Music server recommendations needed.


I have a large CD collection (4000 - 5000+) and so far I have only been managing my digital music files on my MacBook Pro through Apple Music only. (Partially digitized from my CD collection, partially commercially bought digital music files.) The music is largely an exhaustive jazz collection totaling some 6000 albums, by my estimate.

 

I need to digitize and collect all of my music on a music server. Ideally I would like to do this in just 2 components - a CD player and a Music Server, or a Music Server that comes equipped with a good CD player. The ability to effortlessly digitize the CDs, and then properly catalog, search and listen to my digitized music is the end goal. The CD player must be able to play SACD media. Would be nice if I can keep the DAC out of the music server. I'd like to keep the cost reasonable, but at some level I don't know what is reasonable either. Whatever I pick, I want it to stay for the long haul. What would you knowledgeable folks suggest as a solution?

I currently own a Jay's Audio CD player connected to a Benchmark Audio DAC3 HGC and Galion Audio TS120 SE integrated tube amp and Triangle Antal speakers.

 

Thanks,

Amit

 

amitb

@mclinnguy You must be looking at a very old photo of my rig.  The Linn left me years ago.  Now running a Rega P5.  Iʻm soon to sell off the record collection and table.  Trying to simplify my life.  I do hear differences between vinyl and digital, but theyʻre not big enough for me to care anymore.

If I were starting over, Iʻd run a pair of the Dutch & Dutch 8c and my Linux PC.  No fooling with exotic cables, interconnects, etc.  But Iʻm fine with my Linkwitz Orions.  They still kill it on voices and piano.

@russbutton 

Iʻd run a pair of the Dutch & Dutch 8c

Well I am in agreement with you there.

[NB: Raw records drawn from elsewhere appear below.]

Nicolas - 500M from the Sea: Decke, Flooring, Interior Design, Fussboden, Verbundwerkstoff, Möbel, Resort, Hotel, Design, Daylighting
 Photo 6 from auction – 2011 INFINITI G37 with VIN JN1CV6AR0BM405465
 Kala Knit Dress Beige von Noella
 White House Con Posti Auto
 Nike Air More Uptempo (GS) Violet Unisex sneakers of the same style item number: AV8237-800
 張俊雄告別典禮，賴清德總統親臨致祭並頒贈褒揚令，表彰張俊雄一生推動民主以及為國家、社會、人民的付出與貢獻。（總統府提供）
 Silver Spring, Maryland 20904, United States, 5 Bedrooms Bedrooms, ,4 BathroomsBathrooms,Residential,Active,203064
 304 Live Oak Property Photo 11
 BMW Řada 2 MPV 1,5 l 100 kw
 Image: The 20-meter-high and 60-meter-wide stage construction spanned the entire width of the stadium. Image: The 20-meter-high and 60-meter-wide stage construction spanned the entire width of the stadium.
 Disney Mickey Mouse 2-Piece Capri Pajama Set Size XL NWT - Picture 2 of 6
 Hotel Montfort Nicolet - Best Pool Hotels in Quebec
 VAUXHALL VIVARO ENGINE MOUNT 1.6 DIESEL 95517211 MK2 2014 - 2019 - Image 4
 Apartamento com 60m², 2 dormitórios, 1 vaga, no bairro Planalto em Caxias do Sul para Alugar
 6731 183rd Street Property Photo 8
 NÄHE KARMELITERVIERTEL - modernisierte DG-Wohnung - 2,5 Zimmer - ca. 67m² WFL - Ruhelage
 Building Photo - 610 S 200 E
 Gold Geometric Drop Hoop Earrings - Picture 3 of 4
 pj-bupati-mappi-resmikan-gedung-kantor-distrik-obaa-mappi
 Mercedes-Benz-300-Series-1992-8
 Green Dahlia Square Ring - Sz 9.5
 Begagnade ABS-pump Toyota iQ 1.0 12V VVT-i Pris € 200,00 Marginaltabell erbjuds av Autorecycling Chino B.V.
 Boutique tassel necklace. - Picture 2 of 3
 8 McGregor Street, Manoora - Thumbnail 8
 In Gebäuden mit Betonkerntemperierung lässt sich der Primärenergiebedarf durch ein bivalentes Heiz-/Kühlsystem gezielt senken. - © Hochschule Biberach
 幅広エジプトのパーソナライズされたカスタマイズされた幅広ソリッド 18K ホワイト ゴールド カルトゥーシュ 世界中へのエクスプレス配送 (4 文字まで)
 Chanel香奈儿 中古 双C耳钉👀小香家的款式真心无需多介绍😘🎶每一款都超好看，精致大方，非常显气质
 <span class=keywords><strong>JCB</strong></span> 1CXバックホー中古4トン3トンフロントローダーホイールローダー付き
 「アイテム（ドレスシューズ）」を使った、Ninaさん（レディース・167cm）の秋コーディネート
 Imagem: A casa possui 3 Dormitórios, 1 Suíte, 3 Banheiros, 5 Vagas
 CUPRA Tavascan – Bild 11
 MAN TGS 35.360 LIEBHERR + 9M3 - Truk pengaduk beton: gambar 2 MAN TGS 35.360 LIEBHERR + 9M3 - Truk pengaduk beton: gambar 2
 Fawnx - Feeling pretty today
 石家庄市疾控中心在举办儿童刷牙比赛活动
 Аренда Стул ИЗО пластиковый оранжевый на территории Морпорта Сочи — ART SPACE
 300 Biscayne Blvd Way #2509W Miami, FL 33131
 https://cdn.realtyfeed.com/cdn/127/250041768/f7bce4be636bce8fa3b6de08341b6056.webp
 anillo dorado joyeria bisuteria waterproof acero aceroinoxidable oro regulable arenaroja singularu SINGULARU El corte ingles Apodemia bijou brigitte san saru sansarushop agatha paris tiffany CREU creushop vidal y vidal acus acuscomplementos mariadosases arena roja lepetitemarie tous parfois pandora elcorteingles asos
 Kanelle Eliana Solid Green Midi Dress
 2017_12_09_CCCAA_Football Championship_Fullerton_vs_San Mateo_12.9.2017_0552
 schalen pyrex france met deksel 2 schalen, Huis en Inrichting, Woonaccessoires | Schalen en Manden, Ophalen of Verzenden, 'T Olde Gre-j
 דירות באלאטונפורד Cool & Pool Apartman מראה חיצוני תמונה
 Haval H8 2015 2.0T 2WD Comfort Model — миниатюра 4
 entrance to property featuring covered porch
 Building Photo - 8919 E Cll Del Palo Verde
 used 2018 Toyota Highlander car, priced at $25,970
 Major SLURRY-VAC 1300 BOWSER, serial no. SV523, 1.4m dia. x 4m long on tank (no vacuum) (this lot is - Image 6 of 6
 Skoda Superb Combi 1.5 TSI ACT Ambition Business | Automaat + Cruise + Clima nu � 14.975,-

There is something appealing and liberating about the Grimm MU1 & LS1 setup as well, I hope to hear it one day. 

@mclinnguy

 

I was unfamiliar with Grimm.  Easy to find on Google. They are twice the price of the D &D 8c and 50% more than a fully built and delivered Linkwitz LX521 system.  If youʻre going to search out the Grimm,  you owe it to yourself to hear the D&D 8c and LX521 systems as well.

 

"Expectations create reality.   If  you expect some thing to make a certain kind of change, then thatʻs what youʻre looking for and will likely get."

This is, of course, only partially true...we DON'T always get what we expect.

I recognize that I - like most Homo sapiens sapiens - am subject to expectation bias, but I am equally confident that the bias does not define my reality. I have owned a DAC, a tube buffer, a turntable, and a high-end EQ that I removed from my system due to sonic shortcomings within a few months of purchasing them. I certainly expected them to sound great or I wouldn't have purchased them. In two of those four examples, I returned to the previous piece of equipment I was using, and in the other two I just removed them from my chain, so I didn't replace them simply because I "expected" some new toy to sound even better.

So I was not "bound" to loving gear I owned just because I expected it to be great.

Nevertheless, as I mentioned several posts up, when I added the Pachanko Constellation Mini SE server with Stellar power supply to my system (running Roon as configured by Pachanko), I was thrilled by the improvement. It was far greater than I expected - probably the greatest single-component improvement I've ever made - and my delight has continued. 

While I have a physics background, I cannot explain with confidence why a server should deliver such sonic gains (especially as I was also running Roon with my previous components). However, my experience mirrors that of others who have installed high-end, purpose-built music servers: somehow, pre-DAC digital componentry does make a difference.